An open API service indexing awesome lists of open source software.

https://github.com/mberr/ea-active-learning

Code for paper "Active Learning for Entity Alignment" (https://arxiv.org/abs/2001.08943)
https://github.com/mberr/ea-active-learning

active-learning entity-alignment knowledge-graph

Last synced: 10 months ago
JSON representation

Code for paper "Active Learning for Entity Alignment" (https://arxiv.org/abs/2001.08943)

Awesome Lists containing this project

README

          

# Active Learning for Entity Alignment

[![Arxiv](https://img.shields.io/badge/arXiv-2001.08943-b31b1b)](https://arxiv.org/abs/2001.08943)
[![Python 3.8](https://img.shields.io/badge/Python-3.8-2d618c?logo=python)](https://docs.python.org/3.8/)
[![PyTorch](https://img.shields.io/badge/Made%20with-PyTorch-ee4c2c?logo=pytorch)](https://pytorch.org/docs/stable/index.html)
[![License: MIT](https://img.shields.io/badge/License-MIT-green.svg)](https://opensource.org/licenses/MIT)

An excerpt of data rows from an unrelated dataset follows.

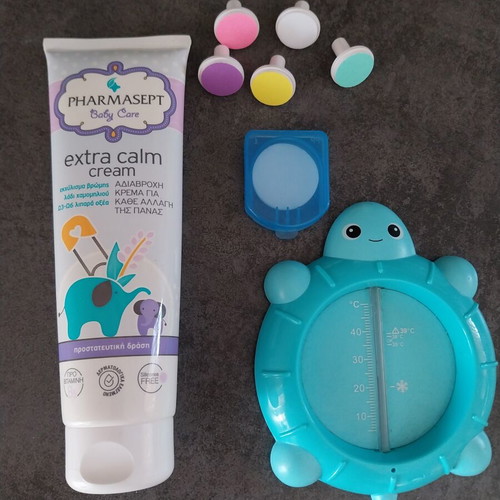 Baby care set with diaper cream, water thermometer, nail file pads, Otrisalin filters new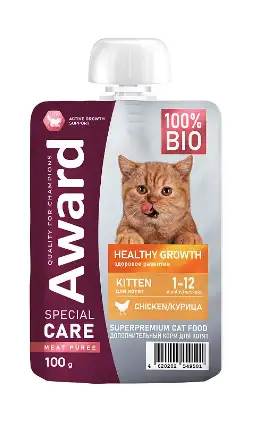 Купить award special care healthy growth влажный корм для котят от 1 месяца «пюре» из мяса курицы (пауч)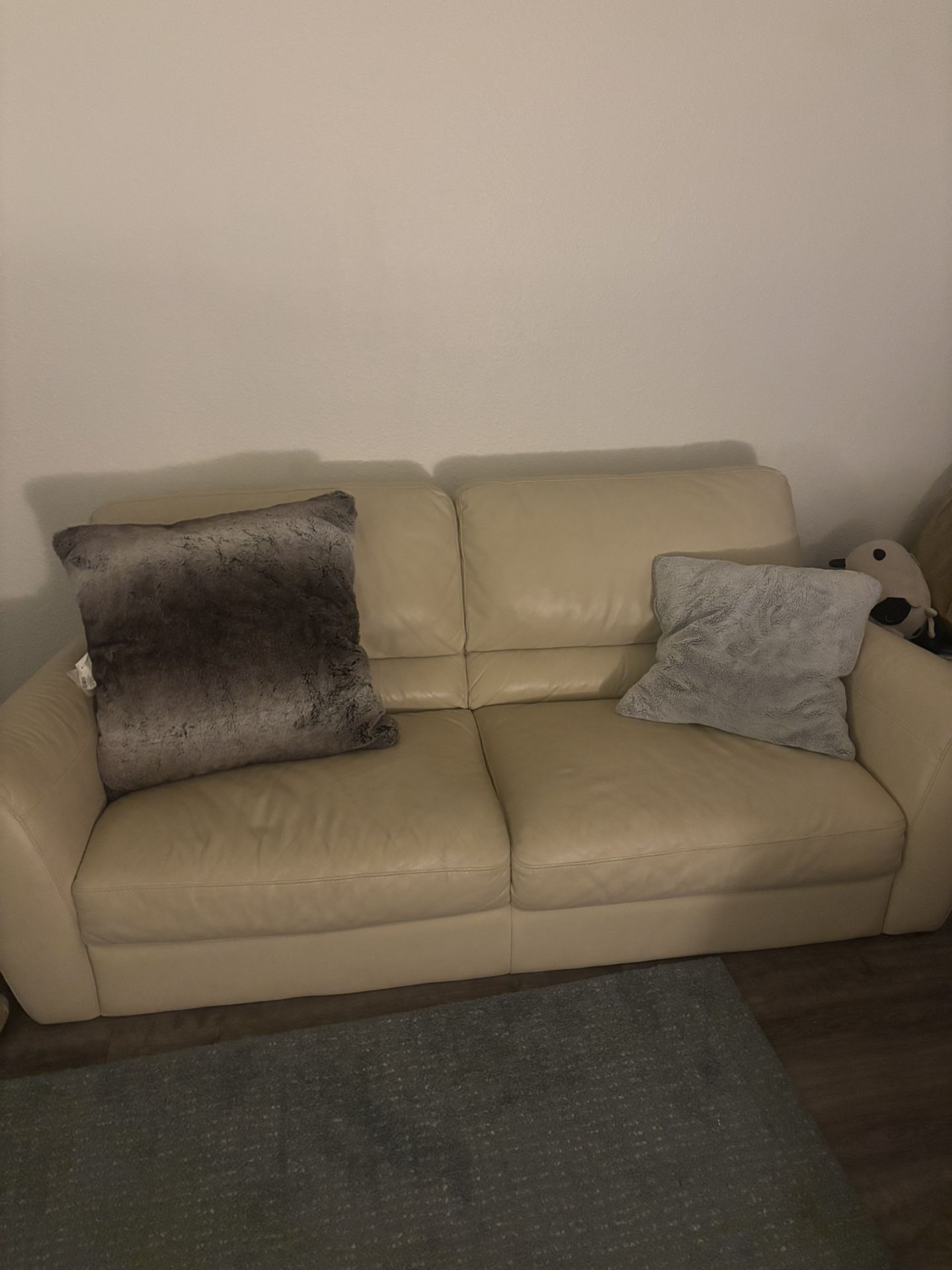 White Leather Couch + 2 Large Pillows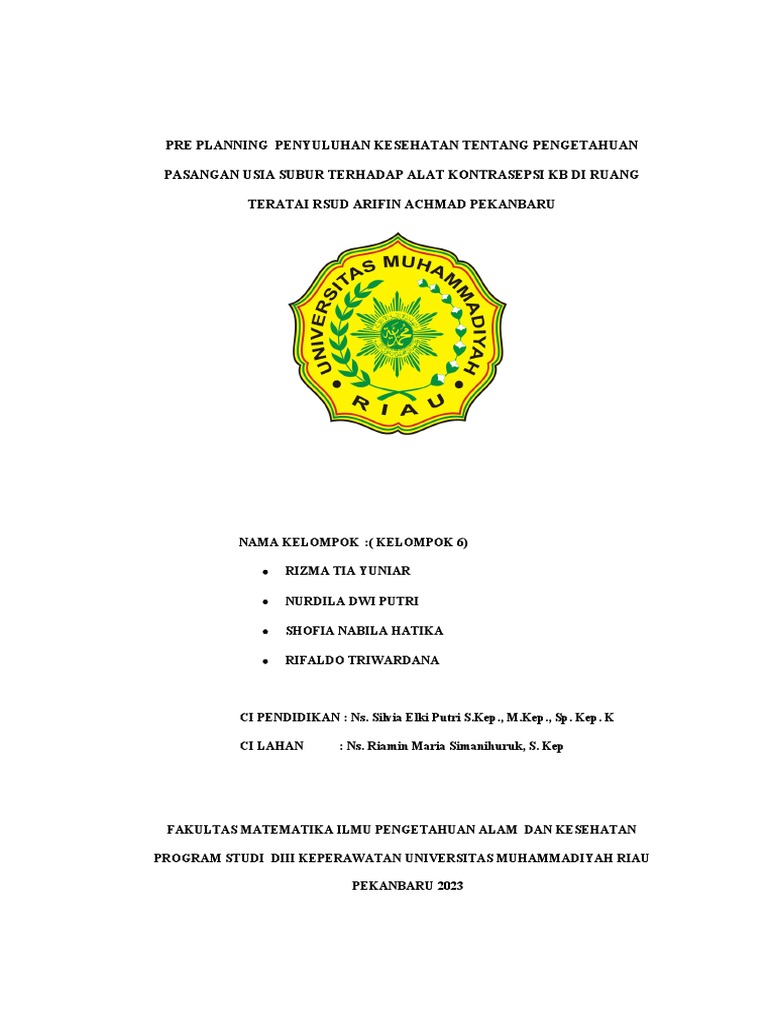 Pre Planning KB Kel 6 PDF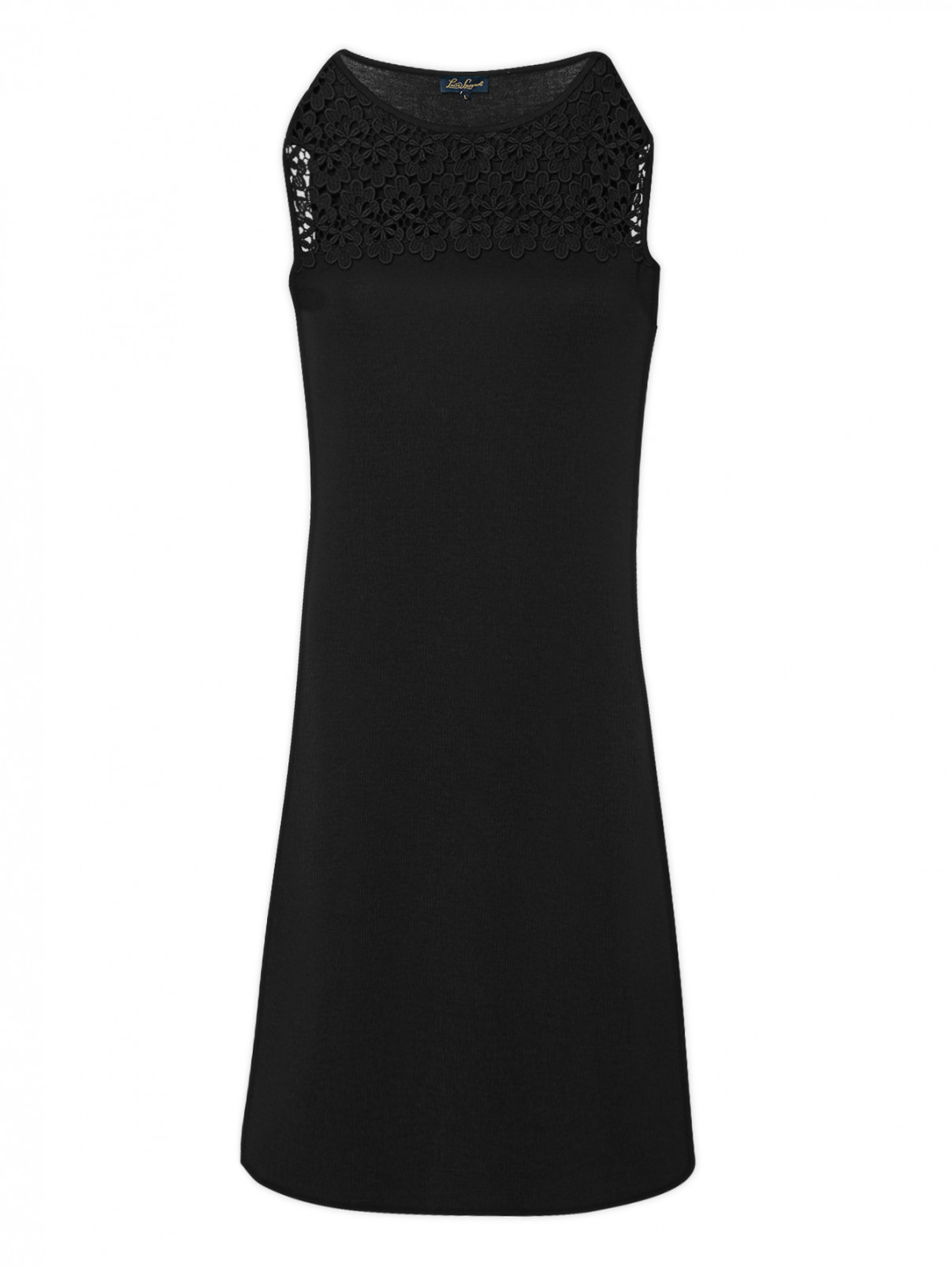 Платье из шерсти с кружевной аппликацией Luisa Spagnoli  –  Общий вид  – Цвет:  Черный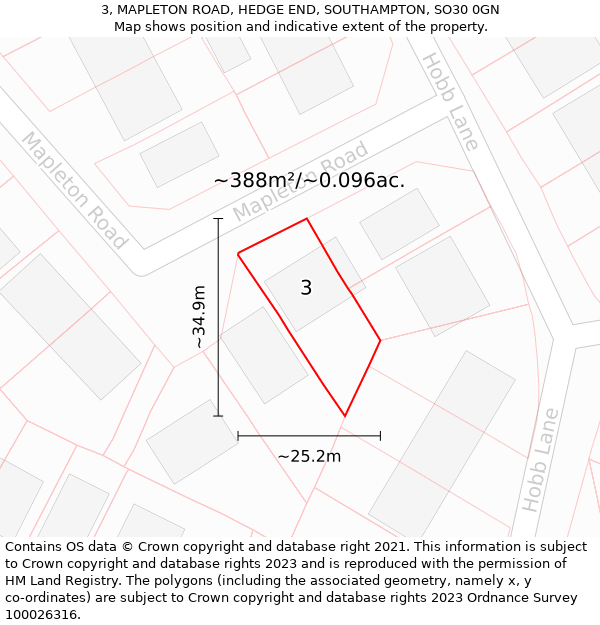 3, MAPLETON ROAD, HEDGE END, SOUTHAMPTON, SO30 0GN: Plot and title map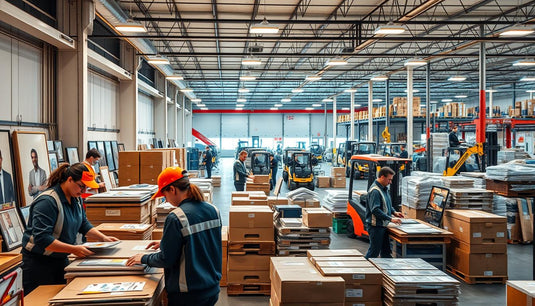 A bustling scene of shipping and support at the Rossetti Art studio. In the foreground, a team of efficient couriers carefully package artwork, with an array of protective materials and shipping labels. The middle ground showcases a modern, well-organized call center, where friendly customer service representatives assist clients with returns and technical queries. In the background, a state-of-the-art logistics hub hums with activity, with forklifts maneuvering pallets and automated sorting systems ensurin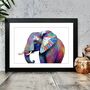 Elephant Of Many Colours Illustration Art Print, thumbnail 1 of 2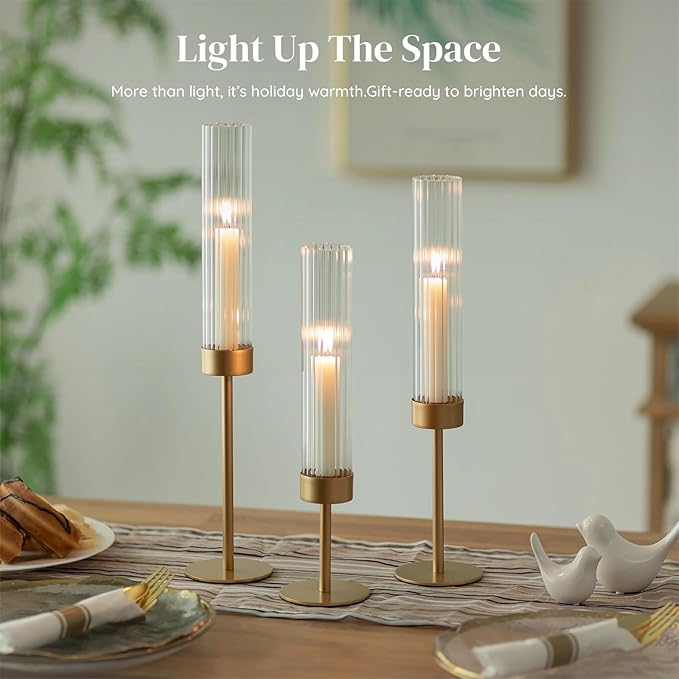 Gold Hurricane Taper Candle Holders: Glasseam 3Pcs Brass Candlestick Holders with Ribbed Glass Cylinder Cover Fluted Tall Candle Sticks Holder Decor for Table Centerpiece Wedding Christmas Decorations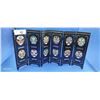 Image 1 : Very nice faces of Peking Opera men screen black lacquer, duble sided graphics 9.5" tall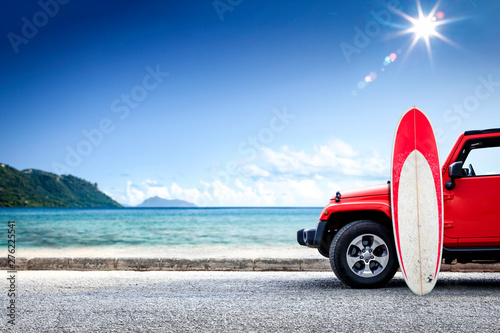 Red summer car and beach landscape. Free space for your decoration and summer time.  © magdal3na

This repository contains the source code for the paper

```
Active Learning for Entity Alignment
Max Berrendorf*, Evgeniy Faerman*, and Volker Tresp
https://arxiv.org/abs/2001.08943
```

# Installation

Setup and activate a virtual environment:

```shell script
python3.8 -m venv ./venv
source ./venv/bin/activate
```

Install requirements (in this virtual environment):

```shell script
pip install -U pip
pip install -U -r requirements.txt
```

# Preparation

In order to track results to a MLFlow server, start it first by running

```shell script
mlflow server
```

_Note: When storing the result for many configurations, we recommend to setup a database backend following the [instructions](https://mlflow.org/docs/latest/tracking.html)._
For the following examples, we assume that the server is running at

```shell script
TRACKING_URI=http://localhost:5000
```

# Experiments

For all experiments the results are logged to the running MLFlow instance. You can inspect the results during training by accessing the `TRACKING_URI` through a browser.
Moreover, all experiments are synced via the MLFlow instance.
Thus, you can start multiple instances of each command on different worker machines to parallelize the experiment.

## Random Baseline

To run the random baseline use

```shell script
PYTHONPATH=./src python3 executables/evaluate_active_learning_heuristic.py --phase=random --tracking_uri=${TRACKING_URI}
```

## Hyperparameter Search

To run the hyperparameter search use

```shell script
PYTHONPATH=./src python3 executables/evaluate_active_learning_heuristic.py --phase=hpo --tracking_uri=${TRACKING_URI}
```

_Note: The hyperparameter searches takes a significant amount of time (~multiple days), and requires access to GPU(s). You can abort the script at any time, and inspect the current results via the web interface of MLFlow._

## Best Configurations

To rerun the best configurations we found in our hyperparameter search use

```shell script
PYTHONPATH=./src python3 executables/evaluate_active_learning_heuristic.py --phase=best --tracking_uri=${TRACKING_URI}
```

# Evaluation

To reproduce the tables and numbers of the paper use

```bash
PYTHONPATH=./src python3 executables/collate_results.py --tracking_uri=${TRACKING_URI}
```

To avoid re-downloading data from a remote MLFLow instance, the metrics and parameters get buffered. To enforce a re-download, e.g., since you conducted additional runs, use `--force`.